バンガロールに着きホテルで帰りの支度をしている時チケットがない事に気が付く。当時のチケットは今の様にパソコンで打ち出すものではなく。小さな字で注意事項や説明文が書かれた綴りの中の1枚になっていたのであるが、その綴りの中にチケットが入っているとは知らなかったゆえに、チェンナイのホテルで整理しゴミ箱に捨てたのであり、今の今まで気が付かなかったのであります。私の頭の中のチケットは、映画館の入場券などの少し厚めの物と思っていた。
どうにかなるさと、空港カウンターに行くが再発行は出来ないという。
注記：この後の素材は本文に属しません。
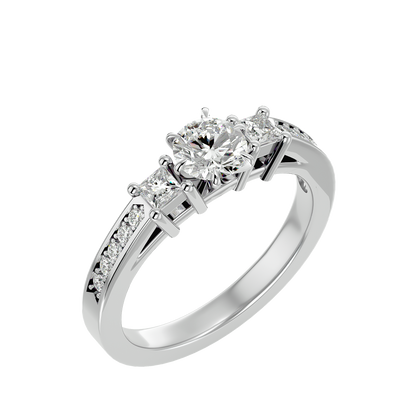 Princess And Round Diamond Accented 18K Solid Gold Three Row Diamond Proposal Ring For Her. - HIGHCARAT DIAMONDS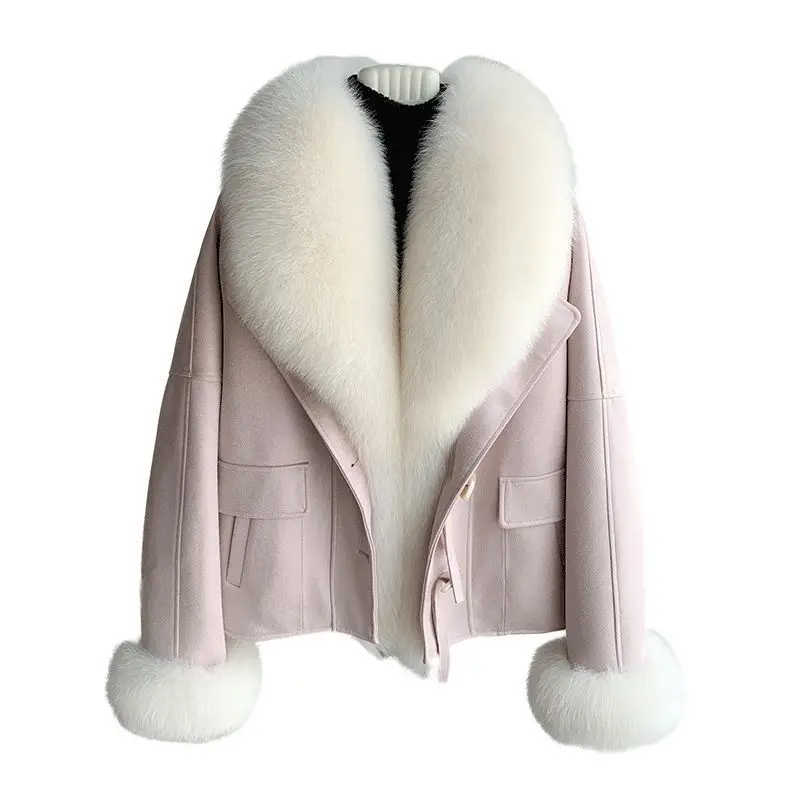 Manteau de fourrure de torche d'imitation pour femmes, vêtements courts, parkas d'hiver, mode ample, veste de fourrure à manches longues, peluche féminine, nouveau, T793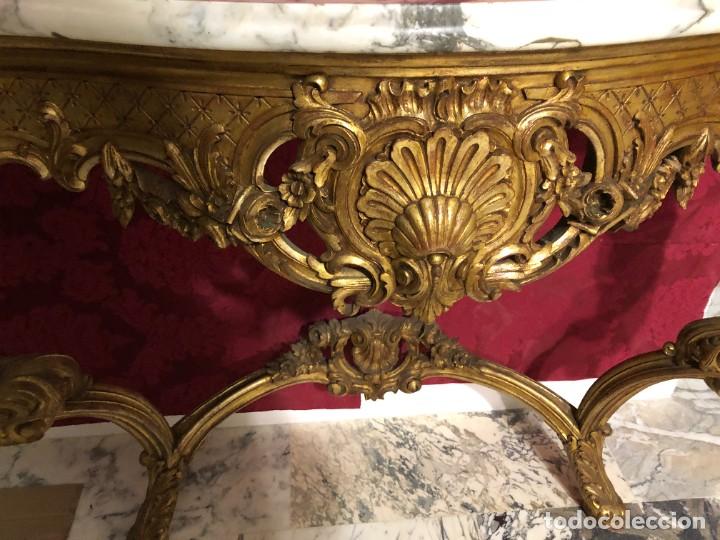 Antig&uuml;edades: MAGNIFICA CONSOLA EN ORO Y MARMOL - Foto 7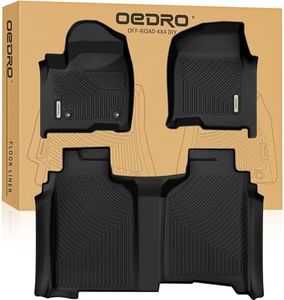 OEDRO Floor Mats Fit for 2019-2025 Chevy Silverado/GMC Sierra 1500 & 2020-2025 Silverado/Sierra 2500HD/3500HD Crew Cab TPE Floor Liner, No Rear Underseat Storage Box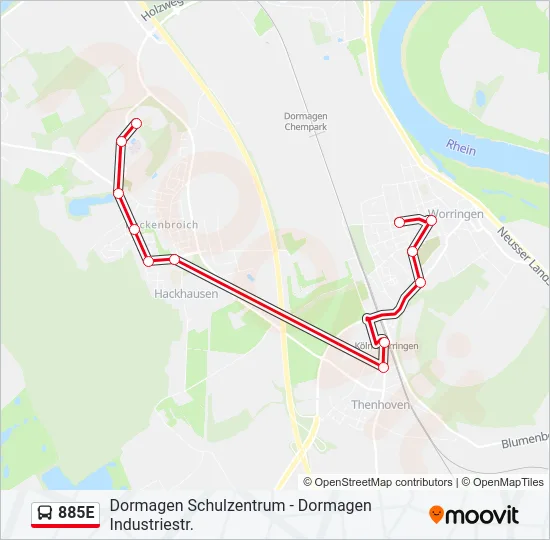 885E Bus Line Map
そこで困った二人はシンガポール航空の事務所に行き、説明するが、再発行は警察の証明がいるとのことで、近くの警察署に行くと、担当部外だとのことで違う警察に行くように促される。そして、行き説明するが、ここでも担当外だと言う。空港で失くしたのであれば空港警察の担当だから空港に行けと言うが、失くしたのはチェンナイのホテルである。失くしたというより間違って捨てたのであるが、どうも警察はやる気がないようにも見えるし、違う意図があって、たらい回しになっているように直感が働いた。
二度目に行った警察の所長の仕草というか言葉がどうも引っかかる。お前たち、コーヒーと紅茶のどちらが良いか2〜3度聞かれたことが気になる。普通コーヒーとか紅茶を出すだろうか?何か机の引き出しを開けたり、ポケットに指で物を入れる仕草をしたりと、普通と違う仕草だったことを思い出し、もう一度その警察署に行くことにした。そして、どこの警察も駄目だったことを告げると、そうだろうというような顔になり、また、コーヒーか紅茶のどちらが良いか尋ねる。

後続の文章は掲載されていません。